Vinaya experts have demonstrated that there is no substantive difference between Dharmaguptaka and Theravada Vinayas. This is especially the case for the oldest and most important part of the Vinaya, namely, the Patimokkha. Bhikkhu Bodhi, a learned American Theravada monk who ordained in Sri Lanka under Ven. Ananda Maitreya and served for many years as the editor of the Buddhist Publication Society in Kandy, explains what happened at the 1998 international ordination ceremony in India:

The grand ordination ceremony assembled bhikkhus from several traditions - Chinese Mahayana, Theravada, and Tibetan - along with Taiwanese and Western bhikkhunis to conduct the full dual ordination in accord with the Chinese tradition... One might think that this was a Mahayana rite that made the nuns Mahayana bhikkhunis, but this would be a misunderstanding. While the Chinese monks and nuns were practitioners of Mahayana Buddhism, the monastic Vinaya tradition they observe is not a Mahayana Vinaya but one stemming from an early Buddhist school, the Dharmaguptakas, which belonged to the same broad Vibhajyavada tradition to which the Southern Theravada school belongs. they were virtually the northwest Indian counterpart of the Theravada, with a similar collection of suttas, an Abhidharma, and a vinaya that largely corresponds to the Pali Vinaya (‘The Revival of Bhikkhuni Ordination in the Theravada Tradition’, in Dignity and Discipline:Reviving Full Ordination for Buddhist Nuns, ed. Thea Mohr and Jampa Tsedroen, Wisdom Publications 2010, pp. 120-121; versions of this article can also be found on the web by googling ‘Bhikkhu Bodhi’).

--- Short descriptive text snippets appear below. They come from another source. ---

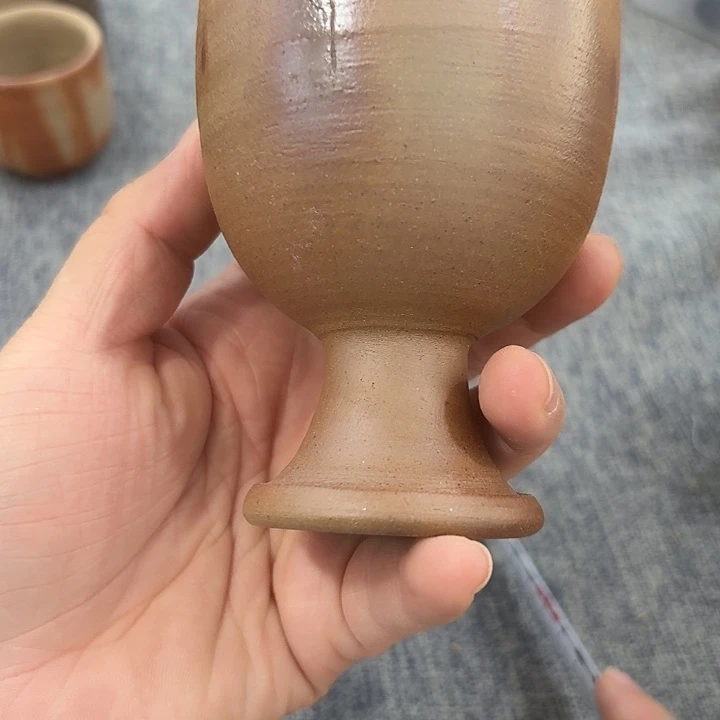 非常美丽漂亮的物品
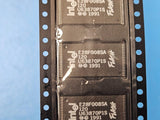 (3PCS) E28F008SA-120 Intel 8-MBIT (1-MBIT x 8) FlashFileTM MEMORY 40P TSOP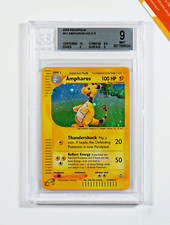 ampharos usato ampharos usato Bergamo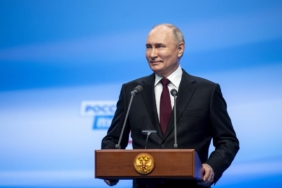 PUTIN-RUSYA-CIN-ORTAKLIK-ILISKILERINI-D_1319020_391981.jpg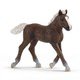 13899 [Farm World シュヴァルツヴァルト馬（仔）]
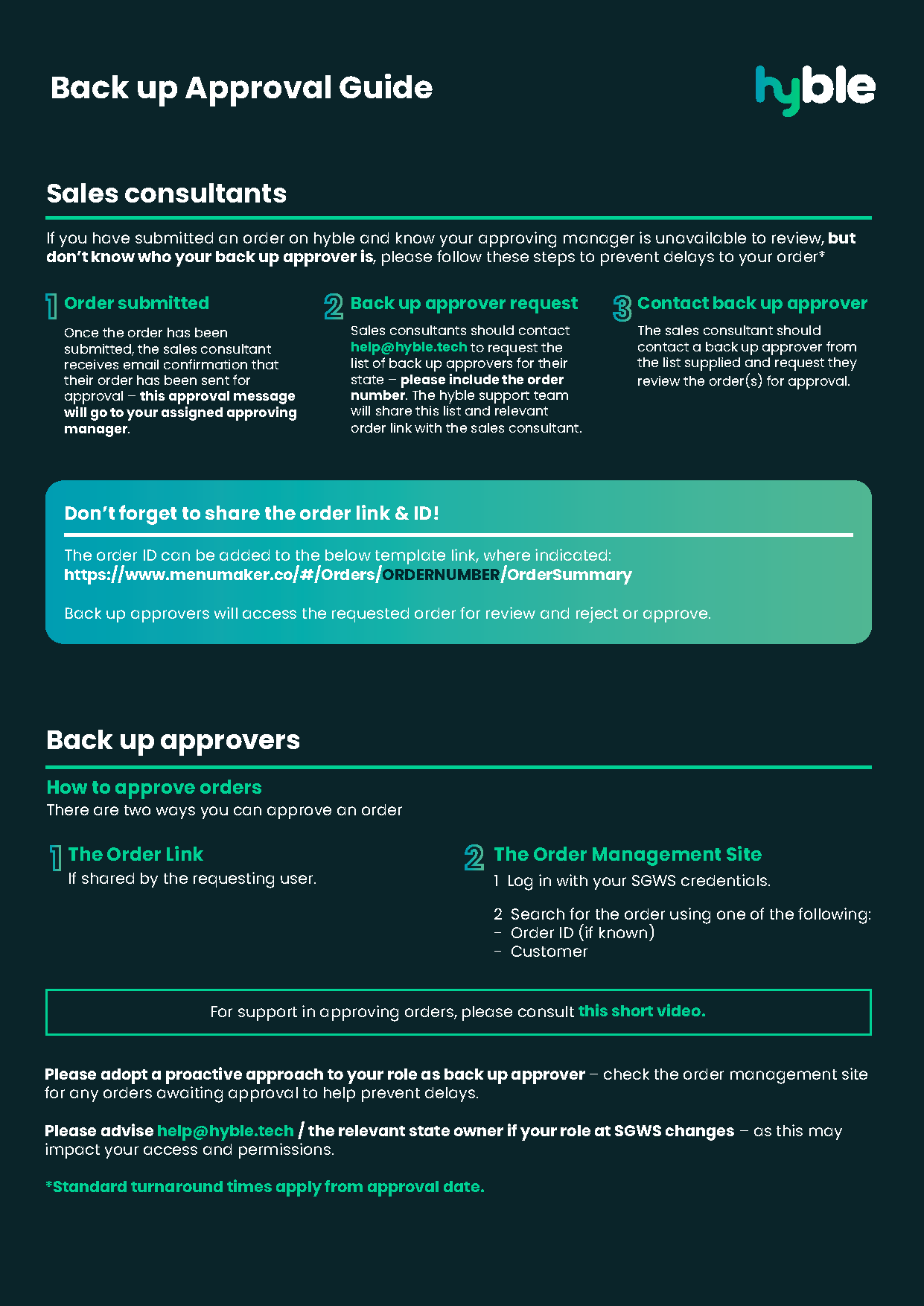 SGWS - Back up approval guide FINAL.png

Thus the Sri Lankan bhikkhunis did not become Mahayana bhikkhunis. At most one could claim that they became Dharmaguptaka bhikkhunis. But even this claim is hard to defend given what happened next. Again, Bhikkhu Bodhi explains:

.... the bhikkhunis from Sri Lanka wanted to become heirs to the Theravda Vinaya lineage and to be acceptable to the Theravda bhikkhus of Sri Lanka. the Sri Lankan bhikkhus who sponsored their ordination, too, were apprehensive that if the nuns returned to Sri Lanka with only the Chinese ordination, their co-religionists would have considered their ordination to have been essentially a Mahayanist one.

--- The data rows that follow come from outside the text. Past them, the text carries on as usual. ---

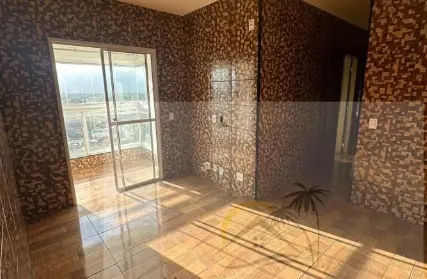 Imagem: Apartamento para Venda, Guarda Civil(Praia)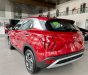 Hyundai Creta 2023 - Xe giao ngay, đủ màu, giá siêu ưu đãi trong tháng 4/2023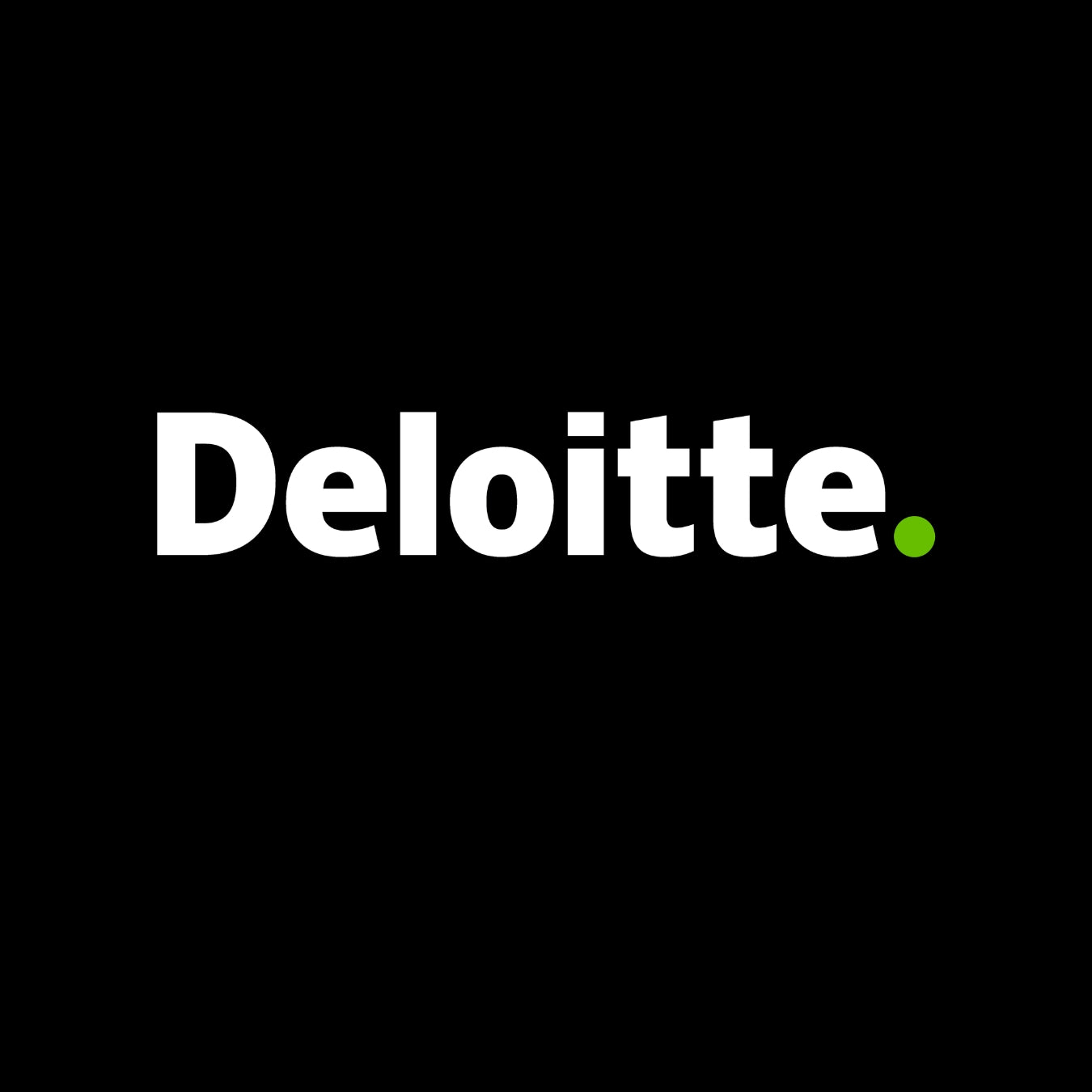 2027 Deloitte Immersive Online Assessment, Job Simulation and Video Interview Tutorials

to prevent this, shortly afterward the newly ordained bhikkhunis travelled to Sarnath, where they underwent another upasampada conducted in Pali under Theravda bhikkhus from Sri Lanka... While recognizing the validity of the upasampada they received through the Chinese sangha, the Sri Lankan bhikkhus effectively admitted them to the Theravda sangha and conferred on them permission to observe the Theravda Vinaya and to participate in sanghakammas, legal acts of the sangha, with their brothers in the Sri Lankan bhikkhu sangha (‘The Revival of Bhikkhuni Ordination in the Theravda Tradition’,pp. 121-122).


Theravada bhikkhunis

The Sri Lankan bhikkhunis who were ordained with the help of South Korean and Taiwanese nuns in 1996 and 1998 are Theravda bhikkhunis. They regard themselves as Theravada bhikkhunis and so do the Sri Lankan bhikkhus who sponsored their ordinations. Since 1998 Sri Lankan women can also be ordained as bhikkhunis in Sri Lanka itself. All of these bhikkhunis follow the Theravda Pali Vinaya.

None follow the Dharmaguptaka Vinaya and none are Mahayana Buddhists. One need only visit their temples to see that the Buddhism practised and taught there is the same Buddhism practised and taught in Sri Lankan bhikkhu temples.

Let us rejoice on the occasion of this 2600th Sambuddhathwa Jayanti that Sri Lanka once again has a complete fourfold Sangha, as originally established by the Buddha. Let us express our gratitude to the many bhikkhus, bhikkhunis, and laymen and women who have made this possible for the benefit of us all.